Photo courtesy of David P. Whelan

Officials in Minnesota and other states have lamented President Donald Trump's decision to pull the U.S. out of the Paris climate accord, but a summary report issued last year by The Heartland Institute suggests the agreement may have been based on faulty science.

Forced reduction of greenhouse gas emission (GHG) to 90 percent below 1990 levels by 2050 would lead only to 4 percent less emissions than what is already is projected for that year, according to The Heartland Institute's report Climate Change Reconsidered II: Fossil Fuels.

"Most regulations aimed at reducing GHG emissions have costs that are hundreds and even thousands of times greater than their benefits," the report stated. "The global war on fossil fuels, which commenced in earnest in the 1980s and reached a fever pitch in the second decade of the twenty-first century, was never founded on sound science or economics."

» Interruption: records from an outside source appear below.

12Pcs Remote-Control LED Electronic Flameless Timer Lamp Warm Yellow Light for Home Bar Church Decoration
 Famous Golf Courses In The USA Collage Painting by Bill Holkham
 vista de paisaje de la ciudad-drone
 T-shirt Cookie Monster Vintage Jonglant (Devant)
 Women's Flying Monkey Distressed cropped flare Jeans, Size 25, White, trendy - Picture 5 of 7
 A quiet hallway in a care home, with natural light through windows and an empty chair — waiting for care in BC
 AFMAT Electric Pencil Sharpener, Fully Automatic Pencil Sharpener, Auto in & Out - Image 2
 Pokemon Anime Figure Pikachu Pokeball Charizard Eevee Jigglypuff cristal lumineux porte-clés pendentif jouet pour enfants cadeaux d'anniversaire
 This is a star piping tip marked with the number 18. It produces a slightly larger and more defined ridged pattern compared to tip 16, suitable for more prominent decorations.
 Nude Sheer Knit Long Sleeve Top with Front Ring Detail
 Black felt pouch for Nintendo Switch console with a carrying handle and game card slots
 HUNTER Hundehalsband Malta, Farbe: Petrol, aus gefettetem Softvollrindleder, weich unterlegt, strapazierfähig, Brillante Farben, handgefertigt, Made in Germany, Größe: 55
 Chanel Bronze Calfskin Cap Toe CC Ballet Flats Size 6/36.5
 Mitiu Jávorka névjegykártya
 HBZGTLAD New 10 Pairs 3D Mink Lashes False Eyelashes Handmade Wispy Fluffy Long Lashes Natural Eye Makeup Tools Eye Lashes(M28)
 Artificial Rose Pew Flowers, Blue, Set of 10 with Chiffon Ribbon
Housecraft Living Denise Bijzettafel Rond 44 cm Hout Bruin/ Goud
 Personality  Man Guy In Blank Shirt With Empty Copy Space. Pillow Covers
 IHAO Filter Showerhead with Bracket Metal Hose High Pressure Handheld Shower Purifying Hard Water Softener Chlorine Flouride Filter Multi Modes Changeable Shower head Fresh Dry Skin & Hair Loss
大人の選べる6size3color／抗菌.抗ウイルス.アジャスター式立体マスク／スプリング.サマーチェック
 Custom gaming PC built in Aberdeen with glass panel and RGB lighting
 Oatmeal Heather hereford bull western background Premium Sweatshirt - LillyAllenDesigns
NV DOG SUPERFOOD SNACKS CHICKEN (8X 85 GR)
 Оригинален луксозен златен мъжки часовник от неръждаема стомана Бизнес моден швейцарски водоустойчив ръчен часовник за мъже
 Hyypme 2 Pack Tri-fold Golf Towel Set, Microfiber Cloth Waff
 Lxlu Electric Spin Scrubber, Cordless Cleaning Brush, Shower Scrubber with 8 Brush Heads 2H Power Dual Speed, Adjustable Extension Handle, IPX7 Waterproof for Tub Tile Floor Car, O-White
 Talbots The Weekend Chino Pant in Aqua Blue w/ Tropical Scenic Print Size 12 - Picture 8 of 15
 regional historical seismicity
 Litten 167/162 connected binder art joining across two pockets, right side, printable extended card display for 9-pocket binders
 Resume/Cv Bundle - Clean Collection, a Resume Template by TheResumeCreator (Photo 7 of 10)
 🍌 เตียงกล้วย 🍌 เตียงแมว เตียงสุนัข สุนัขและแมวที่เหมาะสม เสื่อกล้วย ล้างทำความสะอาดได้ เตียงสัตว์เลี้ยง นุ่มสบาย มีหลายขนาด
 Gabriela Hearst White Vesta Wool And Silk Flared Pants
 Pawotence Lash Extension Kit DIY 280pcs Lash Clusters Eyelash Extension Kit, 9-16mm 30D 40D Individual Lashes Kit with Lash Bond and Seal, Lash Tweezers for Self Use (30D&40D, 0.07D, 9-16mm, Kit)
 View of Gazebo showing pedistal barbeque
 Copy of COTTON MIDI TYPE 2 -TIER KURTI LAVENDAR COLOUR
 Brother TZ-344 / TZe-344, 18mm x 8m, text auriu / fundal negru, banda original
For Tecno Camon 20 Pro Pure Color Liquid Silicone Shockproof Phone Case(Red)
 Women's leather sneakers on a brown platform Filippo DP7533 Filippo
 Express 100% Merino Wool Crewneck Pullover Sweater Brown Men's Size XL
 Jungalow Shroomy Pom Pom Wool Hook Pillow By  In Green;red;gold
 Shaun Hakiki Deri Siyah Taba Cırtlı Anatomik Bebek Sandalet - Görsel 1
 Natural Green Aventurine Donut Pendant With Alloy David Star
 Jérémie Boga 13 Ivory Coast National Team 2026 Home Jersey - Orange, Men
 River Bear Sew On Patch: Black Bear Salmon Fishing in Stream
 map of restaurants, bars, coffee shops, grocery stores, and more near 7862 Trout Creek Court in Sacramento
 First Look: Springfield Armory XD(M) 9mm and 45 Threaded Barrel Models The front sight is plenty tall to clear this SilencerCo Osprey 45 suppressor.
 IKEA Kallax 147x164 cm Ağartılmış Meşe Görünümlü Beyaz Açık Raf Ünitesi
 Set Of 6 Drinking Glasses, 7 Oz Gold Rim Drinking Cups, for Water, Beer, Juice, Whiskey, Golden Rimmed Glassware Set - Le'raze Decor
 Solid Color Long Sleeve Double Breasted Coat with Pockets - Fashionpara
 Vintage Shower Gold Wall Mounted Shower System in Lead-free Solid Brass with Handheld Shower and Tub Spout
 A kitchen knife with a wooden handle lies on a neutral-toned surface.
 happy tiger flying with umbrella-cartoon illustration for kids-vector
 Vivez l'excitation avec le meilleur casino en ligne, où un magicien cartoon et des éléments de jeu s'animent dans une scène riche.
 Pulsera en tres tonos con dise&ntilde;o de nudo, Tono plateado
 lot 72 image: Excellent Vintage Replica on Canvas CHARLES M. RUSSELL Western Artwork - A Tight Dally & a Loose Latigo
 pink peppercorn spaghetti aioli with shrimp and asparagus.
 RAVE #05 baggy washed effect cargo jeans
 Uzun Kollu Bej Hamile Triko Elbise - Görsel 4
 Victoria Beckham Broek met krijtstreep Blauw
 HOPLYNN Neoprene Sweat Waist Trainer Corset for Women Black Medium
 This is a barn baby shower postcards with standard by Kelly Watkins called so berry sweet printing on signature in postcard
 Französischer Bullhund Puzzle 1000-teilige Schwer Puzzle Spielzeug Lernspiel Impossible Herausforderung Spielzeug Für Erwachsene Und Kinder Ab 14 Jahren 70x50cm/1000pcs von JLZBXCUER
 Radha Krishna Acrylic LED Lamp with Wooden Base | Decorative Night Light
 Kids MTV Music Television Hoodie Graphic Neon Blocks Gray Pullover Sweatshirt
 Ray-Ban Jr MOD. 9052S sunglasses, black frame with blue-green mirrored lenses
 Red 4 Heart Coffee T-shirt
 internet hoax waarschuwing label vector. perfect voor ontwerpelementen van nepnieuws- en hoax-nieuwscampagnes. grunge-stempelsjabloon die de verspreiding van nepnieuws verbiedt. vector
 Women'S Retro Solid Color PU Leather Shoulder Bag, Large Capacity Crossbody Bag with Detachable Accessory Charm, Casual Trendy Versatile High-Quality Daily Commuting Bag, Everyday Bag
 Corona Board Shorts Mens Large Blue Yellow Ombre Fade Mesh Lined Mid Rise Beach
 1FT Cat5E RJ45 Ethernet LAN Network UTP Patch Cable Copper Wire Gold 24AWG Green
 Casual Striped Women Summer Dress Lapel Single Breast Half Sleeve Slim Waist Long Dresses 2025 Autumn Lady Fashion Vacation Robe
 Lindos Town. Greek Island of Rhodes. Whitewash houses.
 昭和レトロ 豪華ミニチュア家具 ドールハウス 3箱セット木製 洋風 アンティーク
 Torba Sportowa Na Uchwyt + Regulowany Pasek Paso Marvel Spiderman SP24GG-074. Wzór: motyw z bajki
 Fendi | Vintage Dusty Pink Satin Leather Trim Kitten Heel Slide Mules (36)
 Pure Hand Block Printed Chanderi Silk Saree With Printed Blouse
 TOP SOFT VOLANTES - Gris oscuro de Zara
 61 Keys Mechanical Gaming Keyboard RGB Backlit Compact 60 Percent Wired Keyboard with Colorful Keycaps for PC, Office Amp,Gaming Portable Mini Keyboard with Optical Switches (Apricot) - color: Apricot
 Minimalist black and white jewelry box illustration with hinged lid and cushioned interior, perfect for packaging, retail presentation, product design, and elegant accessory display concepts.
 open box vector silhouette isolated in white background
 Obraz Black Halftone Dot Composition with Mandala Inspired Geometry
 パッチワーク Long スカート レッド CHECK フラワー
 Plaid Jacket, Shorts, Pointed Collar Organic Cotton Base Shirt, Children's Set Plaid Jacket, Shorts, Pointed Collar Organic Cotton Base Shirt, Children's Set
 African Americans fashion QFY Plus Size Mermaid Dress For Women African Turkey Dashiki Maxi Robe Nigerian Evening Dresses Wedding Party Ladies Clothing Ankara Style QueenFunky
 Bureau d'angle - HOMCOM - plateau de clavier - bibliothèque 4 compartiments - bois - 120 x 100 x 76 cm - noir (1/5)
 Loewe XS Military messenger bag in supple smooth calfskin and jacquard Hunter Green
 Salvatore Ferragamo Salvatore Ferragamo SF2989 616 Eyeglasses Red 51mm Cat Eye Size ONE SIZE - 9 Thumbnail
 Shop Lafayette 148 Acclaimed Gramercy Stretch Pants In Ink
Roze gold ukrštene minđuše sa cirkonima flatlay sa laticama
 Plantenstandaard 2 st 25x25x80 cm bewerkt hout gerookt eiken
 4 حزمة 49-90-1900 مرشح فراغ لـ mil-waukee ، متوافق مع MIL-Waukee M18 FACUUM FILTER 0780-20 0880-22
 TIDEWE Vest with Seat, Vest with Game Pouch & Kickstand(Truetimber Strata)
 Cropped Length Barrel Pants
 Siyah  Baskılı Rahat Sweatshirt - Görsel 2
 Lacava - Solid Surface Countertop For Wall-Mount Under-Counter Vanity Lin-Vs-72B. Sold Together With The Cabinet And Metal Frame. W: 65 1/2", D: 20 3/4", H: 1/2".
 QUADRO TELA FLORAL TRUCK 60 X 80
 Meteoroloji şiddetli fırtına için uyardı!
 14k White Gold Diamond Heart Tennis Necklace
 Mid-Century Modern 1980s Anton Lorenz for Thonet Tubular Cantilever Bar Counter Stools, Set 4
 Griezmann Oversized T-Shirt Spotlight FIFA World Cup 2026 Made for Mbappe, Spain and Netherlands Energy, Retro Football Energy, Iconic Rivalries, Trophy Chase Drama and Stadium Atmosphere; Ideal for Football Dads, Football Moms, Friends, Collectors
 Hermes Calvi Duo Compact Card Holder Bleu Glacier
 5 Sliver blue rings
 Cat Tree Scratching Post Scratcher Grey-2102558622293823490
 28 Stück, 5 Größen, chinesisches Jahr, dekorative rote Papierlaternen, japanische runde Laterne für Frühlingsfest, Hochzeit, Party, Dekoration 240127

The U.S. moved earlier this month to officially withdraw from the Paris climate accord, a 2015 United Nations agreement in which hundreds of nations agreed to reduce GHG in a bid to keep global temperatures from rising 2 degrees Celsius above pre-industrial levels. Minnesota and other states have pledged to continue working toward the Paris accord.  

Under the agreement, the United States' part in the global war on fossil fuels would have been to reduce its GHG by almost 30 percent below 2005 levels by 2025. That would be pointless because the science behind the agreement is not sound, according to the Heartland Institute's 29-page report.

"The authors of and contributors to Climate Change Reconsidered II: Fossil Fuels urge the world's policymakers to acknowledge this truth and end that war," the report said.

The report was compiled through the Nongovernmental International Panel on Climate Change, which was founded in 2003 to fact-check claims about global climate change. The 117 scientists, economists and other experts who worked on the report refuted the U.N.'s claims about the impacts of climate change.  

The summary report was released in October 2018 as an early look at the full 1,000-page report released in December at a climate science symposium during the United Nations Conference of the Parties in Katowice, Poland.